━━ Available data ━━
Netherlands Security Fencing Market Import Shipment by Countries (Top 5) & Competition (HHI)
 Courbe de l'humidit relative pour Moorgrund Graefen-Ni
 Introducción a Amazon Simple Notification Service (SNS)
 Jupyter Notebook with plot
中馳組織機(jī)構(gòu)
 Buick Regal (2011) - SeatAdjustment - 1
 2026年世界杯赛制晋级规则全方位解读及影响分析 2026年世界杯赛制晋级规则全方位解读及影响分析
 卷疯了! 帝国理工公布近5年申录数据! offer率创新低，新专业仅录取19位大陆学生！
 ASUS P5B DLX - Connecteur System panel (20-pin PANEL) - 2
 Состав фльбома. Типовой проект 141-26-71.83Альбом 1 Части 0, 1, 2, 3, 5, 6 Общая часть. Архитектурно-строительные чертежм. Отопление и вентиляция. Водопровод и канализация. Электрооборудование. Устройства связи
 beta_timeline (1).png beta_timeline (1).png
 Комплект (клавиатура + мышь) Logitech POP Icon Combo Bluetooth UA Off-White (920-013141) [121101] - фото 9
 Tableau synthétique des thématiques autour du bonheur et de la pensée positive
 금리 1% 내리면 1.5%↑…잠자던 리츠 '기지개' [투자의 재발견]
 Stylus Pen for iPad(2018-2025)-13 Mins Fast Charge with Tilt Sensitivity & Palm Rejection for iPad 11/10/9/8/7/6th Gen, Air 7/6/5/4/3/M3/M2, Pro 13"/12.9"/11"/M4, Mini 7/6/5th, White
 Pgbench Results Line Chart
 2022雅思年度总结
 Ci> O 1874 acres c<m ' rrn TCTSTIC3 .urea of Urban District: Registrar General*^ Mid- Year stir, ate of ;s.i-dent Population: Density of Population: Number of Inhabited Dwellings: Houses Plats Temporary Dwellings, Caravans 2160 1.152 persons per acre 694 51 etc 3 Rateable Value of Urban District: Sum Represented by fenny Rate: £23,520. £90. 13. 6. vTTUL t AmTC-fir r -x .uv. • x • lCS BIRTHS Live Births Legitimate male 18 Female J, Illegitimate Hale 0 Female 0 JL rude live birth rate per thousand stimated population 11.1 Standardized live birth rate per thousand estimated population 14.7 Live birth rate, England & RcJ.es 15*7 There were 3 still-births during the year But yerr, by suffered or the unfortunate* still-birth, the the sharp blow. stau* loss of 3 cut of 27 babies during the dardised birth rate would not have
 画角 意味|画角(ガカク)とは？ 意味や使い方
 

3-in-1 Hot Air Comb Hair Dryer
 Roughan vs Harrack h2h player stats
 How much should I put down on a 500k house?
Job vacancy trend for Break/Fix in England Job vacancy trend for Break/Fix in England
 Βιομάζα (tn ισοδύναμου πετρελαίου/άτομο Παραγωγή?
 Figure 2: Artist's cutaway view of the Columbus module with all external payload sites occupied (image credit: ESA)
━━━
Your objective
Copy out the lines starting at the one containing "Roughan vs Harrack h2h player stats" and ending with the last line of the entries. Include nothing else.

Your response
 Roughan vs Harrack h2h player stats
 How much should I put down on a 500k house?
Job vacancy trend for Break/Fix in England Job vacancy trend for Break/Fix in England
 Βιομάζα (tn ισοδύναμου πετρελαίου/άτομο Παραγωγή?
 Figure 2: Artist's cutaway view of the Columbus module with all external payload sites occupied (image credit: ESA)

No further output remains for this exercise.